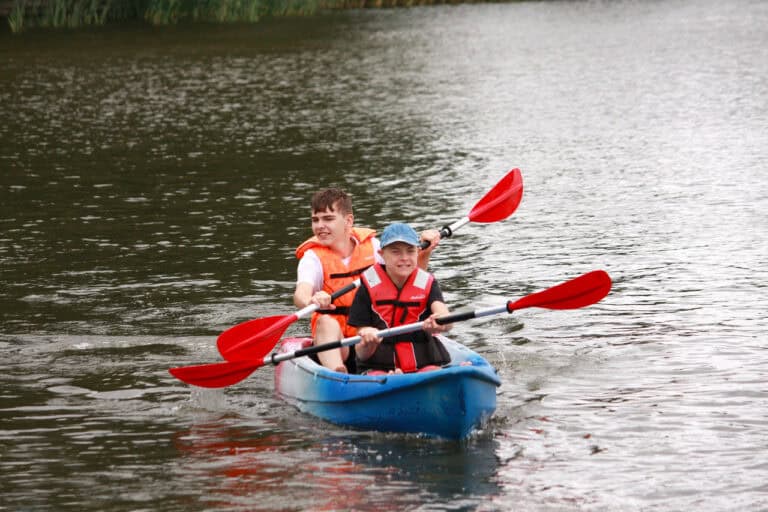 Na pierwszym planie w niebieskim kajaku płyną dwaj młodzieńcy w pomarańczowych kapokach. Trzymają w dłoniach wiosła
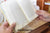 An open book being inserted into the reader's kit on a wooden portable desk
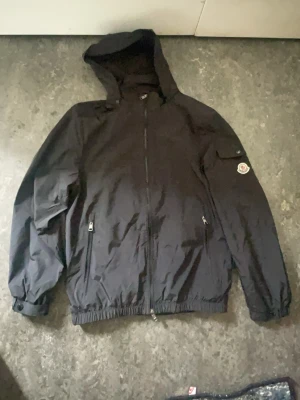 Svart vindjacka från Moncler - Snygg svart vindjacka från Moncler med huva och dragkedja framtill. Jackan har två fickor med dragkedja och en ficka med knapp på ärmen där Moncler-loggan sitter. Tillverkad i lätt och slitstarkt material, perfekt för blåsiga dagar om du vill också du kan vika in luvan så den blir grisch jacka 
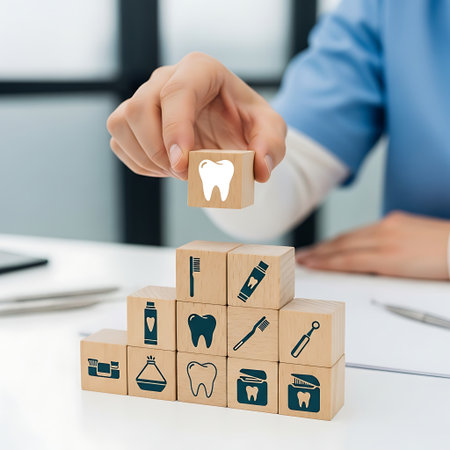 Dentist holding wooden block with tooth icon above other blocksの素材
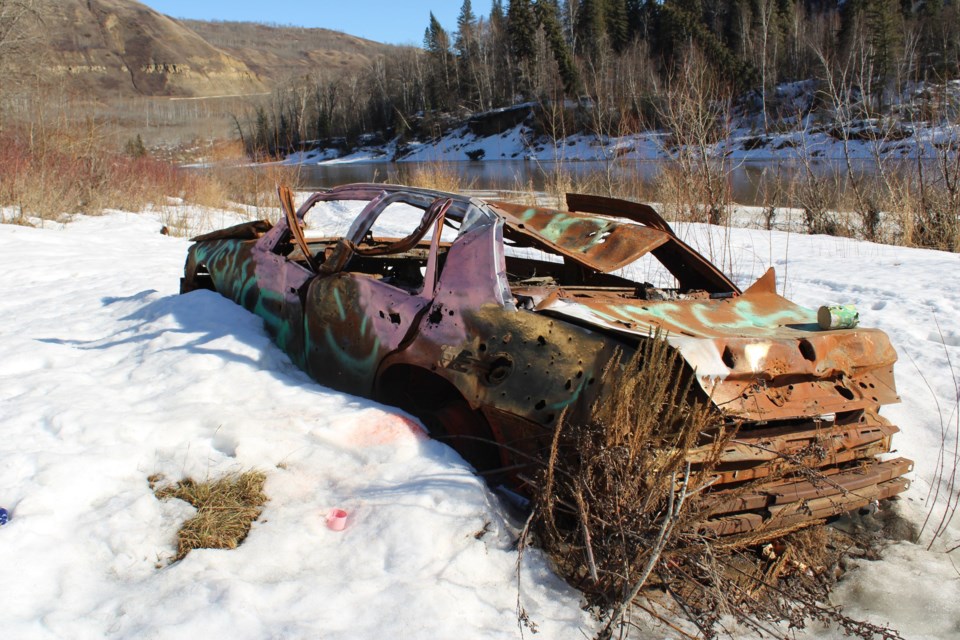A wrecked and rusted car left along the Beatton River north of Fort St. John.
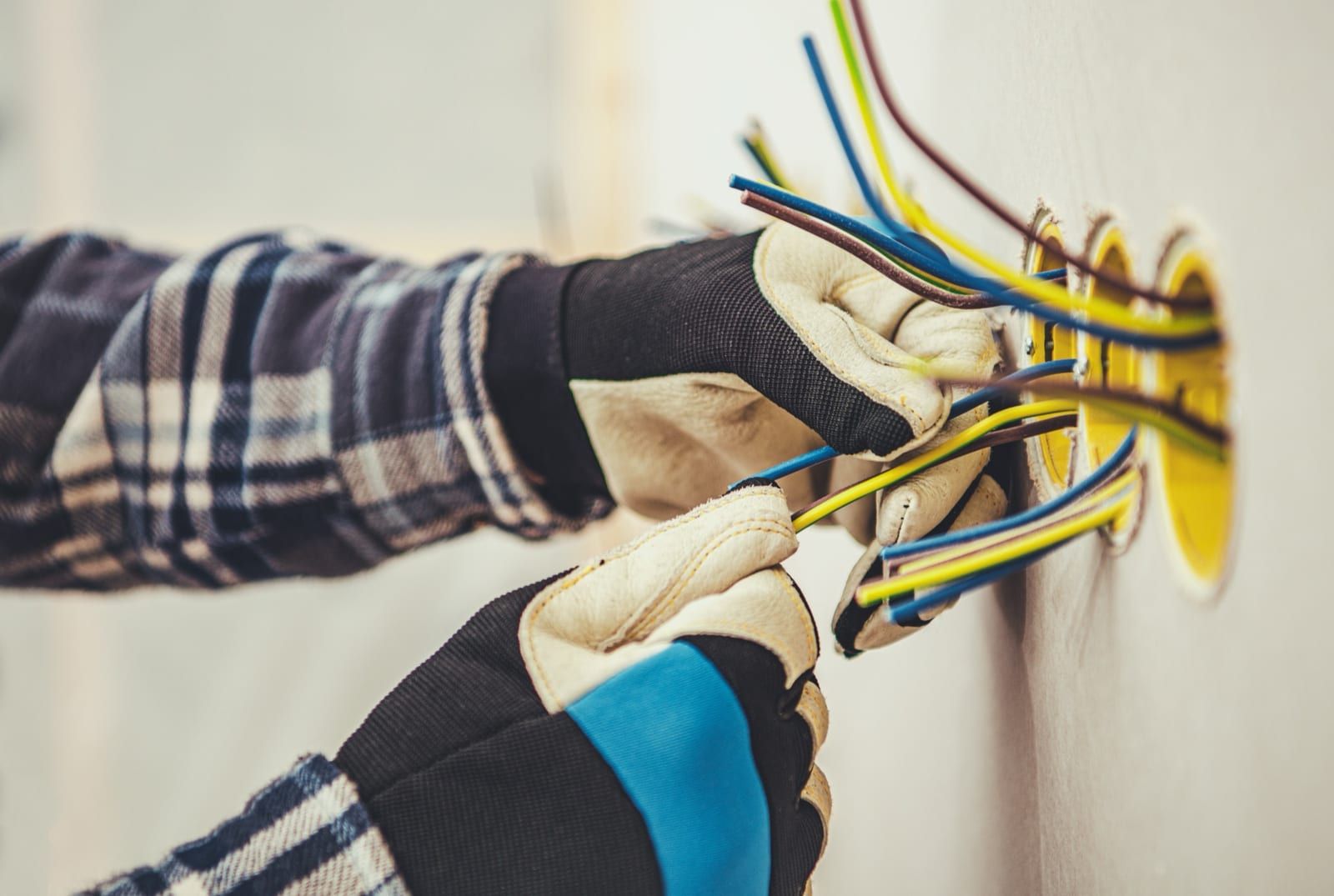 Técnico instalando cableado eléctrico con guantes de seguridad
--------------------------------------------------
Task goal: Would you return the material exactly, images excluded?

Output for this exercise:
 Na pierwszym planie w niebieskim kajaku płyną dwaj młodzieńcy w pomarańczowych kapokach. Trzymają w dłoniach wiosła
 An open book being inserted into the reader's kit on a wooden portable desk
 Svart vindjacka från Moncler - Snygg svart vindjacka från Moncler med huva och dragkedja framtill. Jackan har två fickor med dragkedja och en ficka med knapp på ärmen där Moncler-loggan sitter. Tillverkad i lätt och slitstarkt material, perfekt för blåsiga dagar om du vill också du kan vika in luvan så den blir grisch jacka 
 Dentist holding wooden block with tooth icon above other blocksの素材
A wrecked and rusted car left along the Beatton River north of Fort St. John.
 Técnico instalando cableado eléctrico con guantes de seguridad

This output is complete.